To be eligible for the Equator Prize 2023:

  • The initiative must have been in existence for at least three years, and/or the actions taken must have been in place for at least three years.
  • The nominee must be either a local community-based initiative, operating in a rural area, based in a country receiving support from the United Nations Development Programme or an initiative led by Indigenous peoples in any country, operating in a rural area.
  • The actions taken by the nominee must be nature-based and must deliver benefits related to two or more Sustainable Development Goals (SDGs).
Please Note
  • Nominators are encouraged to quantify results and include data that demonstrates positive impacts in their submissions.
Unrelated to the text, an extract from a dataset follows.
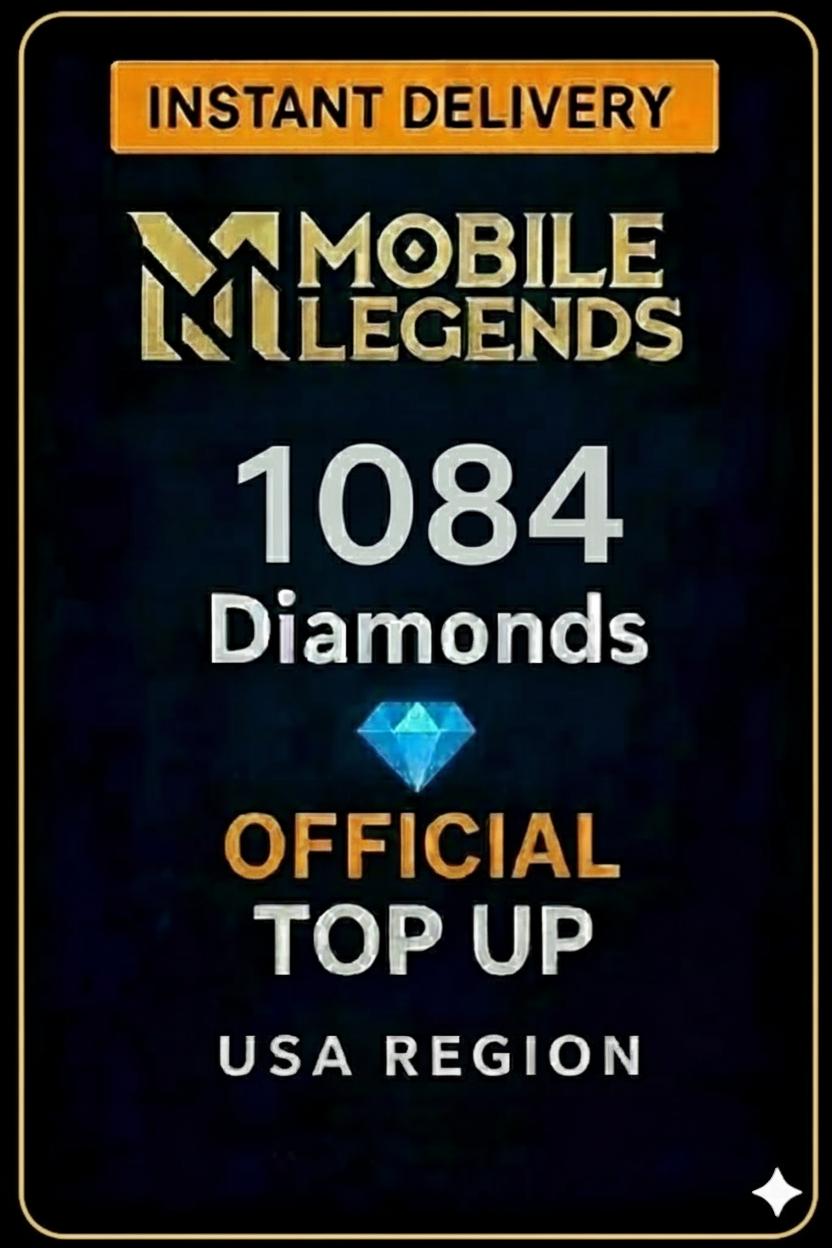 Mobile Legends - 1084 Diamonds Top-Up (USA)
  • Nominations may be submitted either directly by the initiative or community, by a partner organization, or by any third party that is sufficiently familiar with the activities and achievements of the initiative or community.
  • Nominators must indicate whether they agree to have the solution highlighted in the Equator Initiative web portal on local nature-based solutions for sustainable development.
  • Nominated initiatives will undergo a verification process that may require nominees and/or nominators to provide additional information and/or materials.
  • Nominations may be submitted in: English, French, Portuguese or Spanish. To nominate in other languages (such as Arabic, Chinese, Indonesian, Russian or others), please contact the Equator Initiative for instructions.